Saturday, April 28, 2012

Mambo Gallego

Pictured above are Armand Assante, Antonio Banderas, and Desi Arnaz, Jr. from the 1992 film "The Mambo Kings."  I loved the movie for its music, scenes of the Palladium, fine acting, tortured love triangle and sheer stylishness, but had to fast forward through too many pointless skin scenes to recommend it.

It nevertheless features my favorite movie dance.  Set to Tito Puente's "Mambo Gallego" (Galician Mambo) it is sultry without being trashy, and dynamic without being flashy.

It's not just the tightly choreographed Assante and Marushka Detmers who capture the eye.  It's all of the dancers on the floor, who incarnate the music in swaying limbs.

If the clip compels you to seek the sound that drove the mania, Tito Puente's oeuvre is free on Spotify.  I'd especially recommend "The Complete 78's," a set of four albums that features scores of great mambos.

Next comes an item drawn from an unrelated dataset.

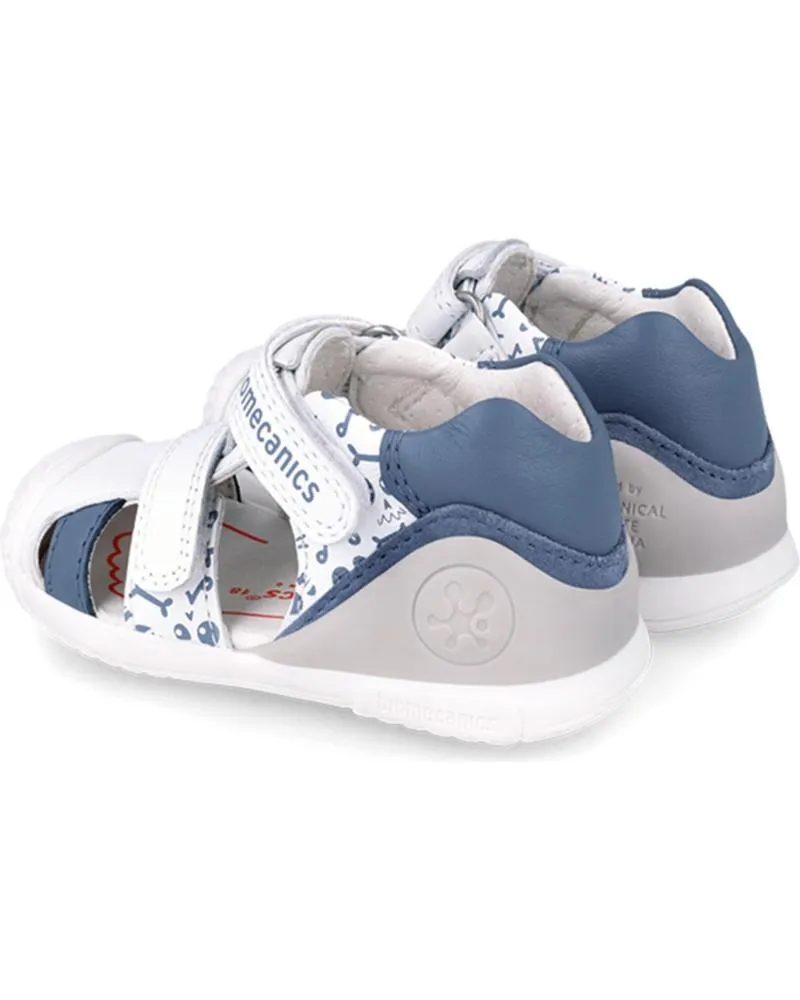 Bebé BIOMECANICS  de Niño SANDALIAS PRIMEROS PASOS 242127 ESTAMPADO  BLANCO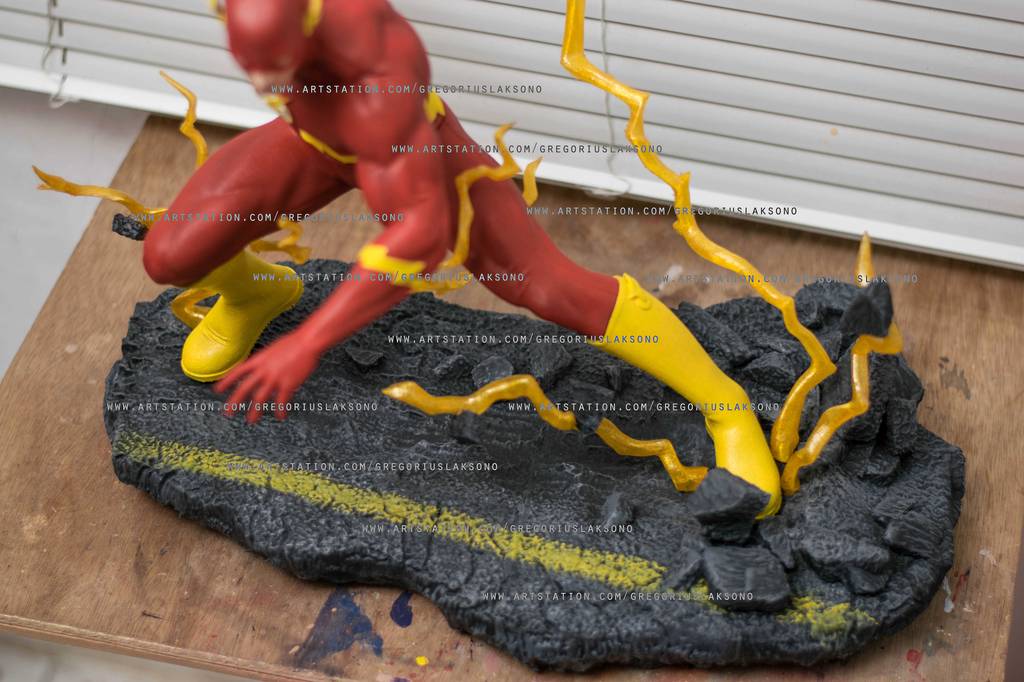 P站图纸印象馆 GPL DC漫画 闪电侠 GPL DC漫画 闪电侠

Here is an interview with Armand Assante about his drum duel with the legend.  The scene from the movie is included in the clip.

I saw Tito Puente in concert in the '70's at the Winterland Ice Arena in San Francisco.  It was hardly the 50's Palladium, but the place pulsated nevertheless.

His orchestra was the lead act for Malo (Bad), a band featuring Carlos Santana's little brother, Jorge.  Carlos had mainstreamed Puente's song, "Oye Como Va," to the rock generation.  But Puente's act was so far above either brother's band that the respective billings constituted a criminal inversion.

My Aunt's response to the news flash that I'd discovered a great new act (some old guy) was to look at me like I'd just been born. "Oh, brother. I danced to his band as a kid growing up in New York."

Tito's music indeed spanned generations, and is still capable of uniting them in celebration.